Akari Asai,Jacqueline He,Rulin Shao,Weijia Shi,Amanpreet Singh,Joseph Chee Chang,Kyle Lo,Luca Soldaini,Sergey Feldman,Mike D'arcy,David Wadden,Matt Latzke,Minyang Tian,Pan Ji,Shengyan Liu,Hao Tong,Bohao Wu,Yanyu Xiong,Luke Zettlemoyer,Graham Neubig,Dan Weld,Doug Downey,Wen-tau Yih,Pang Wei Koh,Hannaneh Hajishirzi
2024-11-21
Abstract:Scientific progress depends on researchers' ability to synthesize the growing body of literature. Can large language models (LMs) assist scientists in this task? We introduce OpenScholar, a specialized retrieval-augmented LM that answers scientific queries by identifying relevant passages from 45 million open-access papers and synthesizing citation-backed responses. To evaluate OpenScholar, we develop ScholarQABench, the first large-scale multi-domain benchmark for literature search, comprising 2,967 expert-written queries and 208 long-form answers across computer science, physics, neuroscience, and biomedicine. On ScholarQABench, OpenScholar-8B outperforms GPT-4o by 5% and PaperQA2 by 7% in correctness, despite being a smaller, open model. While GPT4o hallucinates citations 78 to 90% of the time, OpenScholar achieves citation accuracy on par with human experts. OpenScholar's datastore, retriever, and self-feedback inference loop also improves off-the-shelf LMs: for instance, OpenScholar-GPT4o improves GPT-4o's correctness by 12%. In human evaluations, experts preferred OpenScholar-8B and OpenScholar-GPT4o responses over expert-written ones 51% and 70% of the time, respectively, compared to GPT4o's 32%. We open-source all of our code, models, datastore, data and a public demo.

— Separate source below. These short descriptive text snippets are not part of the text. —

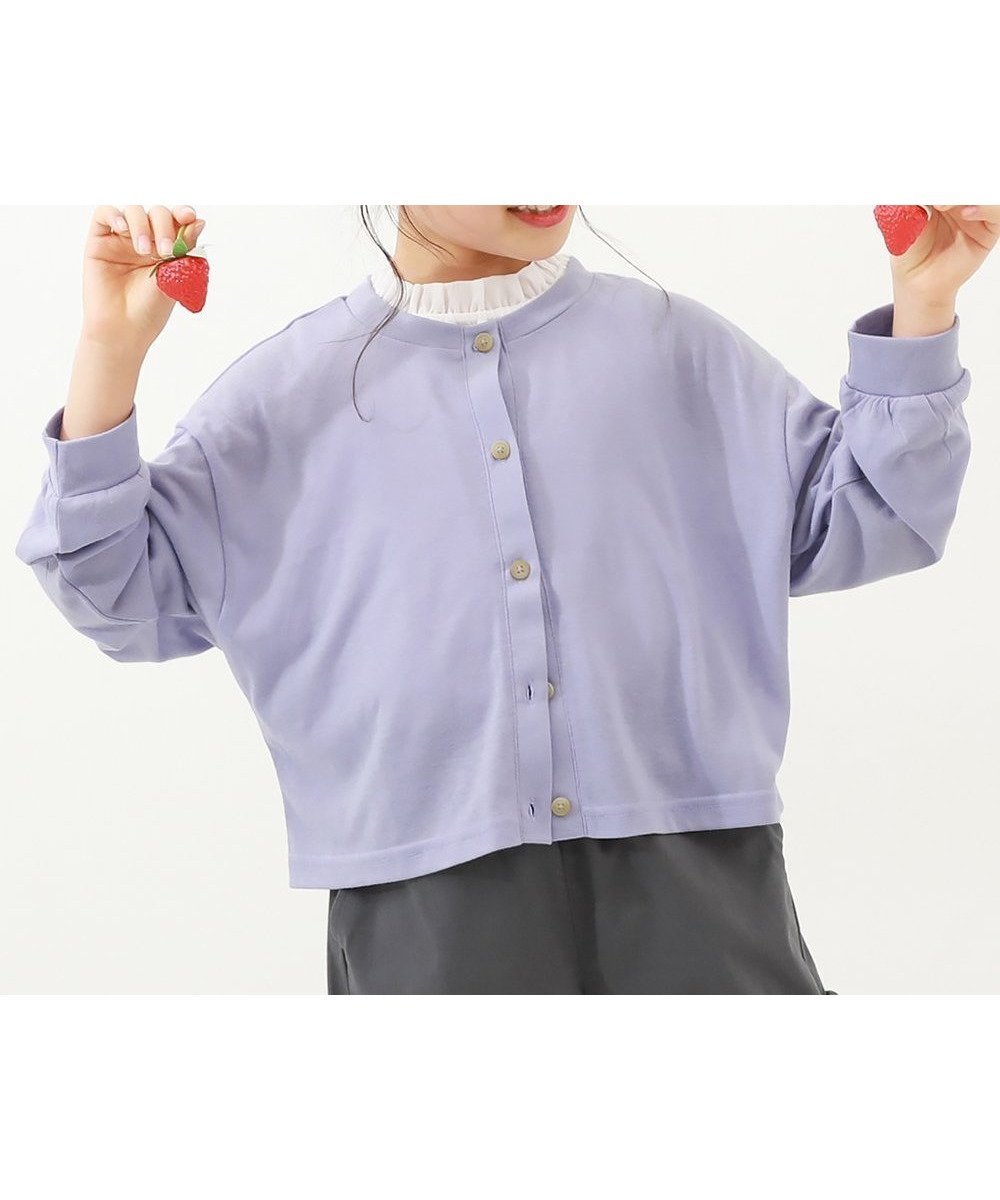 【デビロック/devirock / KIDS】のUVカット ガールズ クルーネック カーディガン 子供服 キッズ 女の子 UVカット 26SS インテリア・キッズ・メンズ・レディースファッション・服の通販 founy(ファニー) 　ファッション　Fashion　キッズファッション　Fashion for Kids　カットソー　Cut and Sewn Top　カラフル　Colorful Design　カーディガン　Cardigan, Knitwear　クロップド　Cropped, Short Length　おすすめ　Recommended / Our Picks　夏　Summer　2026年　2026　Sバイオレット|ID: prp329100004936023 ipo3291000000037040885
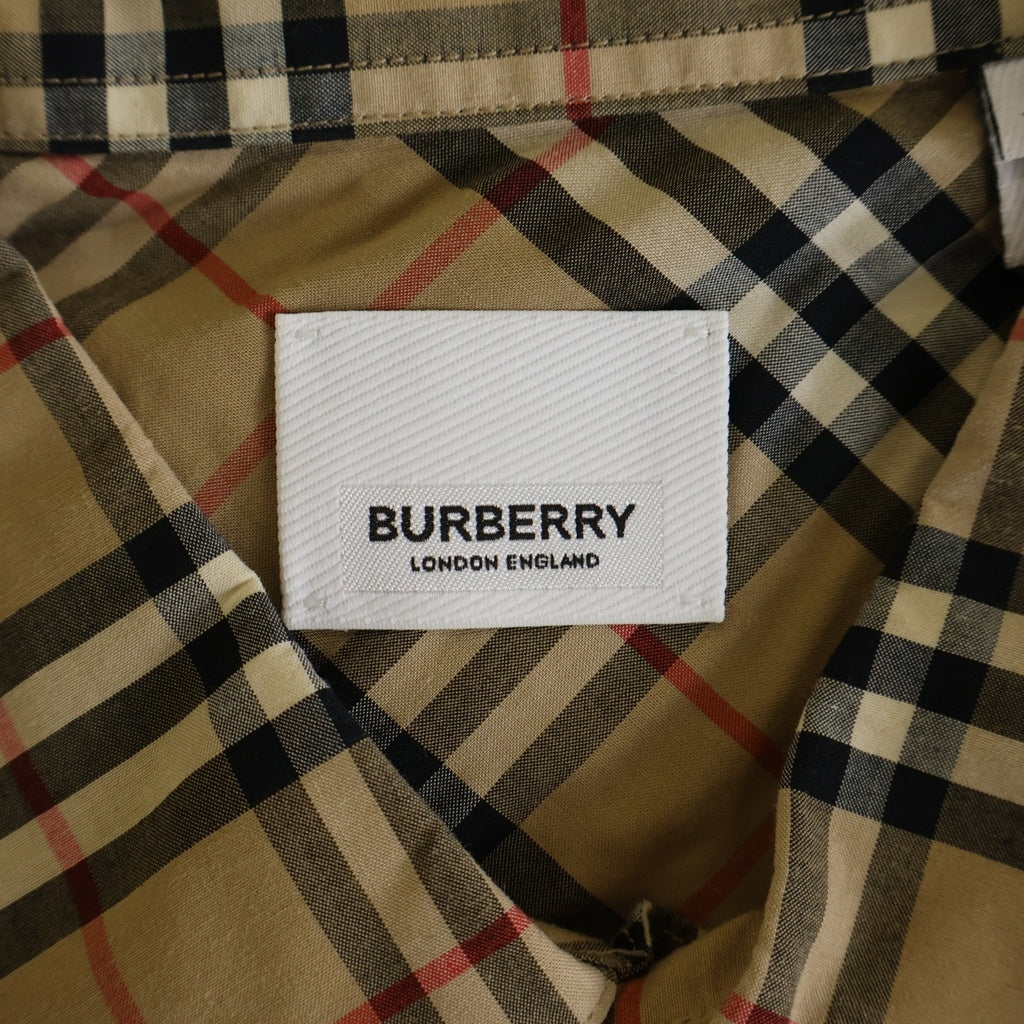 BURBERRY(バーバリー) TB Logo Embroidery L/S Shirts ロゴ刺繍 ノバチェックシャツ ベージュ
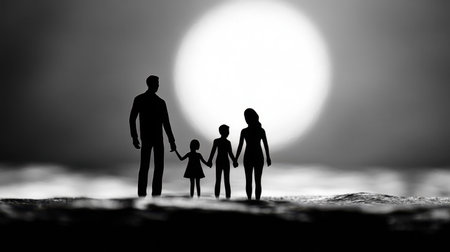 A striking silhouette of a family holding hands against a radiant sunlit backdrop, embodying love, togetherness, and cherished moments near the ocean.の素材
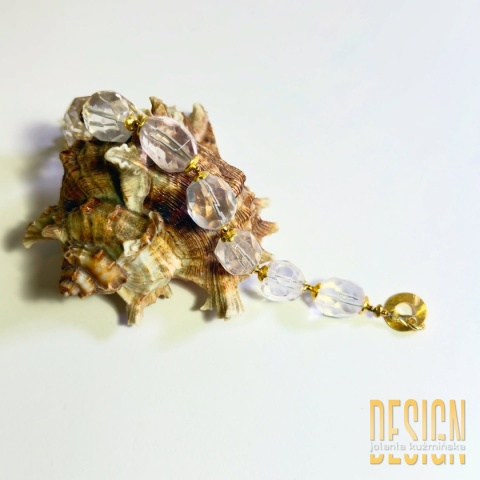 Bransoletka z kwarcu różowego – srebro pozłacane Bransoletka z kwarcu różowego – srebro pozłacane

Computation and Language,Artificial Intelligence,Information Retrieval,Machine Learning
What problem does this paper attempt to address?

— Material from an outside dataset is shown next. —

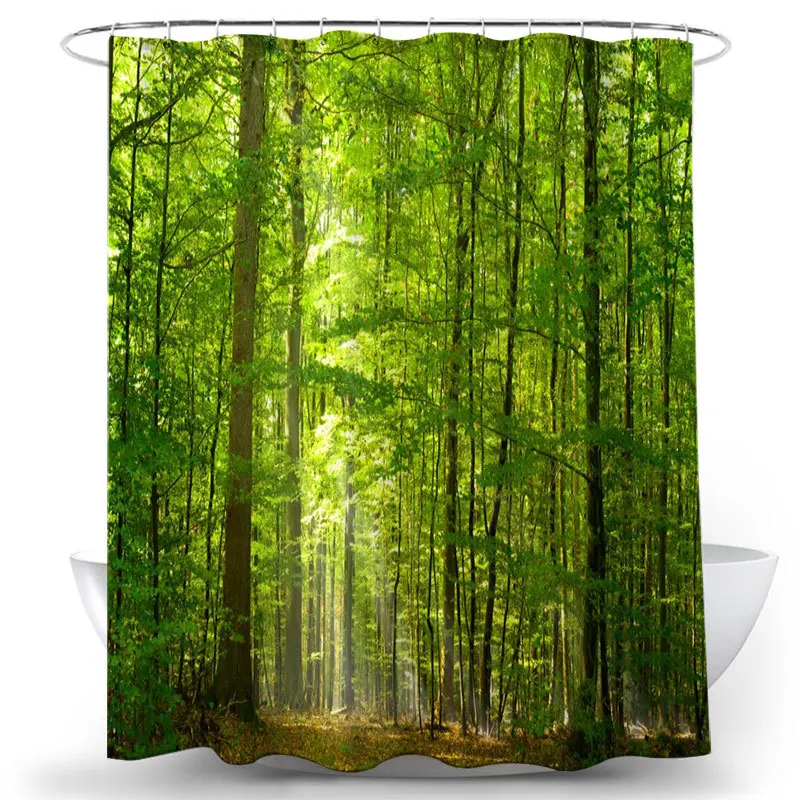 

Modern 3D Printing Forest Shower Curtain Green Plant Tree Landscape Bath Curtain With Hooks For Bathroom Waterproof Scenery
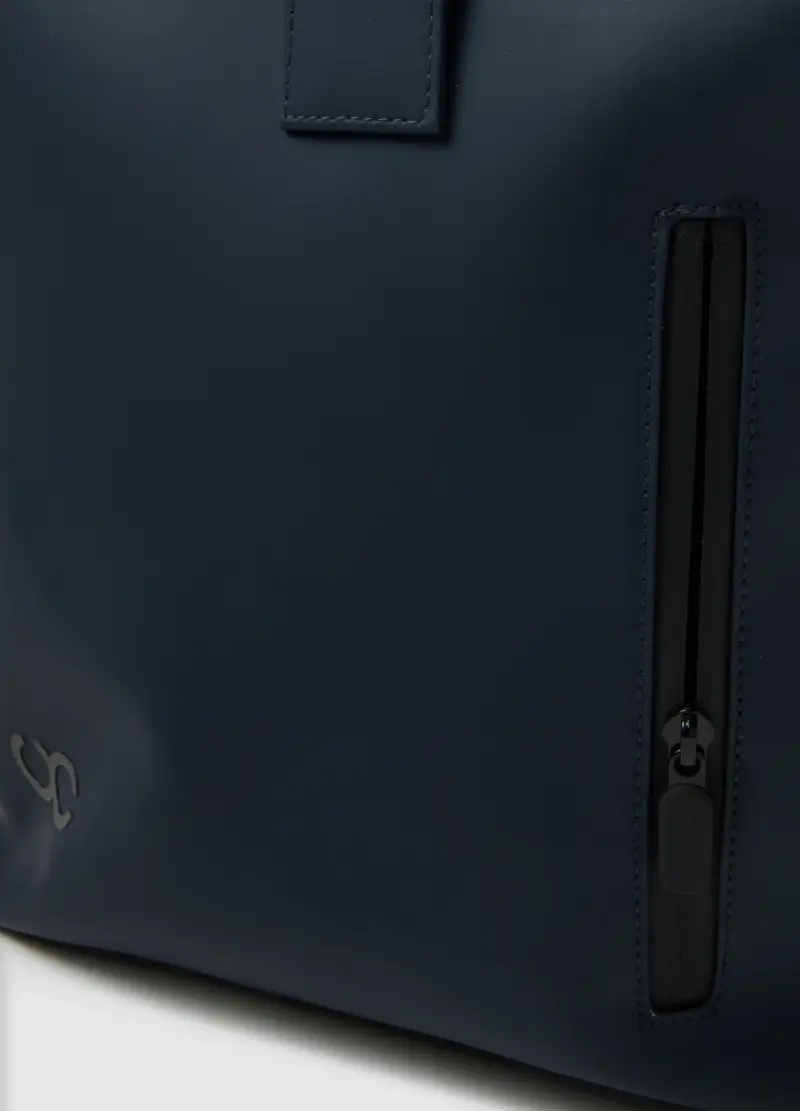 , Zaino Impermeabile Blu Con Zip E Tasca Frontale, Donna, Blu miniatura 3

The problems that this paper attempts to solve mainly focus on how to effectively use large - language models (LLMs) to assist researchers in comprehensively processing the ever - increasing scientific literature. Specifically, the paper aims to: 1. **Improve the quality and accuracy of literature synthesis**: By developing a specialized retrieval - enhanced language model (OPENSCHOLAR), which can generate high - quality answers with citation support on the basis of identifying relevant literature fragments, thus helping researchers better understand existing research, discover new research directions, improve methodologies, and support evidence - based decision - making. 2. **Address the limitations of existing large - language models**: Existing large - language models face some challenges when dealing with scientific literature synthesis tasks, such as generating untrue information (hallucinations), relying on outdated pre - training data, and lacking a transparent citation mechanism. These limitations result in insufficient accuracy and reliability of the models in generating scientific literature reviews. 3. **Provide a large - scale multidisciplinary evaluation benchmark**: In order to more comprehensively evaluate the performance of scientific literature synthesis models, the authors constructed a large - scale multidisciplinary benchmark test set named SCHOLAR QABENCH. This benchmark test set contains 2,967 expert - written query questions and 208 long - form answers, covering multiple fields such as computer science, physics, neuroscience, and biomedical science. Through this benchmark test, the performance of different models in literature retrieval and synthesis capabilities can be systematically evaluated. 4. **Promote open - science research**: By open - sourcing all code, models, data storage, data, and providing public demonstrations, the authors hope to promote the openness and reproducibility of scientific research, enabling more researchers to use and improve OPENSCHOLAR, thereby driving progress in the scientific field. Overall, the goal of this paper is to address the challenges currently faced in scientific literature management by developing an efficient, accurate, and open scientific literature synthesis tool, thereby enhancing the efficiency and quality of scientific research.